Some more examples can be found here.

Alternative procedures to CORC are Hildreth-Lu Procedure and Prais–Winsten Procedure.

### 4.8.4 Choosing Between HAC and FGLS

It has become more popular to estimate models by OLS and correct the standard errors for fairly arbitrary forms of serial correlation and heteroskedasticity.

Regarding HAC:

• Computation of robust standard errors works generally well in large datasets;
• With increase in computational power, not only has it become possible to (quickly) estimate models on large datasets, but also to calculate their robust covariance (HAC) estimators;
• While FGLS offers a theoretical efficiency, it involves making additional assumptions on the error covariance matrix, which may not be easy to test/verify, which may threaten the consistency of the estimator.

Regarding FGLS:

• if the explanatory variables are not strictly exogenous (i.e. if we include $$Y_{i-1}$$ on the right-hand-side of the equation) - the FGLS is not only inefficient, but it is also inconsistent;
• in most applications of FGLS, the errors are assumed to follow a first order autoregressive process. It may be better to evaluate OLS estimates and use a robust correction on their standard errors for more general forms of serial correlation;
• in addition to imposing an assumption of the residual covariance structure in regard to autocorrelation, GLS also requires an exogeneity assumption (MR.3) to hold, unlike HAC.

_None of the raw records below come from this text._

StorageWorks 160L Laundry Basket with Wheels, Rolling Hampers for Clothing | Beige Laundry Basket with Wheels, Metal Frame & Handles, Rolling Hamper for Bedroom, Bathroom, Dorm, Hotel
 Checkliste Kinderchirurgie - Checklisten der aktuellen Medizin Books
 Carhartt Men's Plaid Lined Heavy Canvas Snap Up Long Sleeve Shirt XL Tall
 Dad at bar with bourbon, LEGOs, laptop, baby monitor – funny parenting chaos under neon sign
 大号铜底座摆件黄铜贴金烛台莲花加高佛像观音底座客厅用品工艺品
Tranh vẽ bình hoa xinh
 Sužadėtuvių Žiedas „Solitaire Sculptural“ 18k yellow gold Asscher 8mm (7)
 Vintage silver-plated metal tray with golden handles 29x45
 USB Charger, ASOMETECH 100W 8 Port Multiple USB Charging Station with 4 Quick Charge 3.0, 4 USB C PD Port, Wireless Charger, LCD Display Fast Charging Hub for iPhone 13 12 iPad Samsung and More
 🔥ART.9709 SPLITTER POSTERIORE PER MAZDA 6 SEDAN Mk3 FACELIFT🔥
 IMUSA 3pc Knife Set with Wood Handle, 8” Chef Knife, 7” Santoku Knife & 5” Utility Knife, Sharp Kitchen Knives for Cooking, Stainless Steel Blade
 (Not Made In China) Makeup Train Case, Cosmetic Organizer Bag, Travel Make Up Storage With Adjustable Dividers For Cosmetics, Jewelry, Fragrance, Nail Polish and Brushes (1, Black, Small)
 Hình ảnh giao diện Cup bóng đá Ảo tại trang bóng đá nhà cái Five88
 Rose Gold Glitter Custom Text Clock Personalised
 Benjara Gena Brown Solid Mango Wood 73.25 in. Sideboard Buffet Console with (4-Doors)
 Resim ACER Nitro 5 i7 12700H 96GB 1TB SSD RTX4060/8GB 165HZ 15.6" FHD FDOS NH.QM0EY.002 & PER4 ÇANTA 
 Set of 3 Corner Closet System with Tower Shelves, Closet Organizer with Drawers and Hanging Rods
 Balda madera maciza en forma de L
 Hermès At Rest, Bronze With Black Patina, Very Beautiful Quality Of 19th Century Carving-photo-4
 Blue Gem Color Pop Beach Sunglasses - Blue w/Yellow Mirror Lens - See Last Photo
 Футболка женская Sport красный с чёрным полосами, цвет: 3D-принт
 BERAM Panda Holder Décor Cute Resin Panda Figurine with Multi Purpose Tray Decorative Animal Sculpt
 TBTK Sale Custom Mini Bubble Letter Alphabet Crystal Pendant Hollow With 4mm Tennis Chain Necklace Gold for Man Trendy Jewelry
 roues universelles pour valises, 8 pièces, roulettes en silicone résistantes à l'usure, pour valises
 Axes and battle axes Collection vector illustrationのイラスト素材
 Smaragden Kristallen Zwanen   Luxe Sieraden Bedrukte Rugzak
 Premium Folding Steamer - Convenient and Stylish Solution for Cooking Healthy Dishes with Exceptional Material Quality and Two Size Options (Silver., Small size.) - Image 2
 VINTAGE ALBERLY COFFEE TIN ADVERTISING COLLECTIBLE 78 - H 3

Generally, serial correlation is usually encountered in time-series data, which has its own set of models that specifically deal address serial correlation of either the residuals $$\epsilon$$, the endogenous variable $$Y$$, or the exogeneous variables $$X_j$$, or even all at once.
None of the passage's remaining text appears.